I begin with the heat because there are only a few things that could compel me to pack myself into a sweaty crowd of more than two thousand people under such circumstances. Sierra Ferrell is one of them.

It’s almost four years to the day since I first decided to write one of these concert reviews. That was also for Sierra Ferrell, singing for a few hundred people at the Future Yard in Birkenhead, and it was so special a night it kicked off a thirst for experiencing more of my favourite artists live. I’ve had more than fifty such special nights since.

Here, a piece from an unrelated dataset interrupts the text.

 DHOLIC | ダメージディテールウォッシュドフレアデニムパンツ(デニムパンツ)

But after tonight I have no more concerts on the horizon until Halloween, the clear calendar an unprecedented experience for me in the last few years. Some things I will be happy to take a break from, mostly the long waits before doors and before openers and after openers, and particularly in the poor crowd behaviours I find increasingly irritating, but there is also much in a night of music that is like a drug you return to, and Sierra Ferrell’s concert tonight demonstrates much of it. Not least there’s the energy and the thrill as a band moves through the gears, as is the case tonight when Sierra is roared onto the stage by a delirious audience and she and her five-piece band launch straight into a sprawling, stop-start ‘Rosemary’, followed by the poppy ‘Dollar Bill Bar’ and a stirring ‘Don’t Let Your Deal Go Down’.

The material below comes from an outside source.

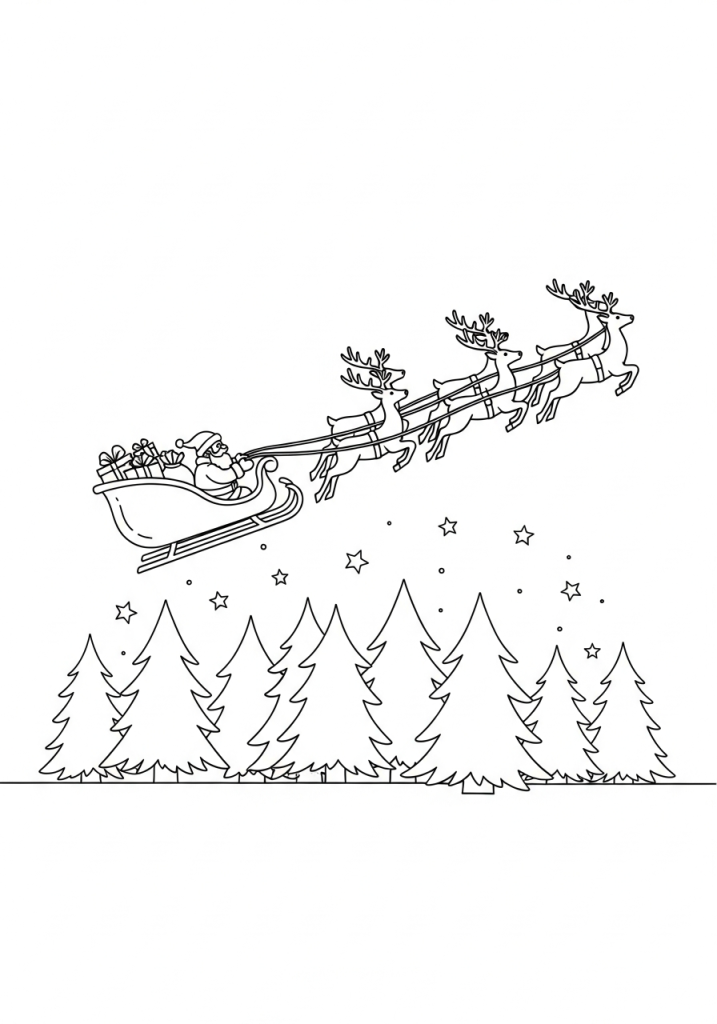 Sanie Św. Mikołaja na tle choinek (1)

There’s also the opportunity a night of live music presents, if the artist is kind, to hear new, unreleased songs. I first heard ‘Kickin’ Up Dust’ in December at the Co-Op Live here in Manchester, when Sierra and her band opened for Mumford and Sons, and it already had the uncanny feel then of a dyed-in-the-wool classic country song. Tonight, the singing from some elements of the crowd suggests I’m not the only one who’s familiar with it, and ‘Kickin’ Up Dust’ rolls easy with that sort of innocent, rambling mid-tempo only classic country seems able to muster.

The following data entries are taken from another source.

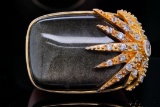 Cristina Sabatini Obsidian, Resin and Gold Plated Ring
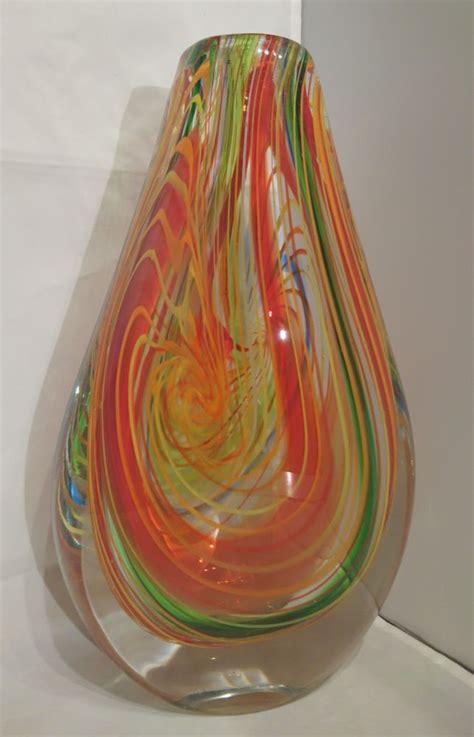 Murano~italy~rainbow~coloured~teardrop~art Glass~cased~vase~11 5 H~4
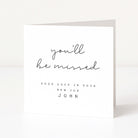 Greeting card with 'you'll be missed' text on a white background
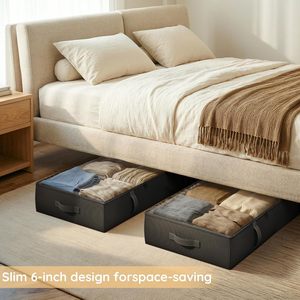 Minimalist PVC Fabric Under-<b>Bed</b> Quilt Storage <b>Bag</b> Durable Space Saver with Cover for Bedding Clothes Toys - Product Image 4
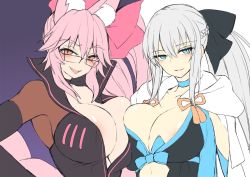 Rule 34 | 2girls, animal ear fluff, animal ears, areola slip, black bodysuit, black dress, black gloves, black ribbon, blue background, blue dress, blue eyes, blush, bodysuit, braid, breast press, breasts, center opening, cleavage, cleavage cutout, clothing cutout, collarbone, dress, fate/grand order, fate (series), flat color, fox ears, fox girl, fox tail, french braid, glasses, gloves, hair between eyes, hair ribbon, half-closed eyes, jacket, koyanskaya (assassin) (first ascension) (fate), koyanskaya (fate), large breasts, long hair, looking at viewer, morgan le fay (fate), multiple girls, navel cutout, no bra, open mouth, pink hair, ponytail, ribbon, sidelocks, smug, sukage, symmetrical docking, tail, tamamo (fate), two-tone dress, white background, white hair, white jacket, yellow eyes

It’s not the only unreleased treat Sierra gives us, for it’s followed by a “gambling song” that neatly links dice and other games of chance with the decisions we all must make in life (“let me roll,” Sierra sings in the song’s anthem-like refrain). If that were not enough, later in the night Sierra also breaks out an accordion to perform a straight and plaintive love song, ‘Without You’, that might be too cute if not for the charming eccentricity the accordion brings to it. Sierra also grips the microphone tightly with both hands to showcase her powerful vocals in ‘Tryin’ to Love You’, a new song that seems tailor-made for such a display. In a sign of things coming full circle for me, ‘Lighthouse’, which I heard in the Future Yard in 2022 when it was yet to be released, now reappears on tonight’s setlist as an established track from the Trail of Flowers album.

Trail of Flowers understandably contributes the majority of tonight’s setlist, although Sierra still manages to make room for ‘In Dreams’, played acoustically with Oliver Bates Craven on guitar while the rest of the band takes a breather, the popular singalong cover of ‘Years’, and, for a resounding encore, the evergreen signature song ‘Jeremiah’, characterised by Mike Robinson’s distinctive bended Dobro notes.
But ‘In Dreams’ and ‘Jeremiah’ are not the only representatives from the Long Time Coming album. Part of the thrill in experiencing a night of music is when an artist plays a song you know well, but gives it extra dimensions you did not expect and changes forever how you will hear it. And tonight, the best performance of a song is ‘Far Away Across the Sea’, which starts with a lengthy, Latin mambo-like shuffle from Matty Meyer’s drums. From there, the band stretch and pull the music with the dexterity of tango or a jazz ensemble; Joshua Rilko’s mandolin solo sounds almost like a Spanish guitar, a vibe reinforced by Geoff Saunders’ follow-up double-bass solo and Oliver’s swarthy electric guitar solo. The five men of the band might all be wearing starch-white shirts and white cowboy hats, looking every inch a quintessential 50s country band, but here they embrace a Latin swing. In the stifling heat of the Academy it is perfect music.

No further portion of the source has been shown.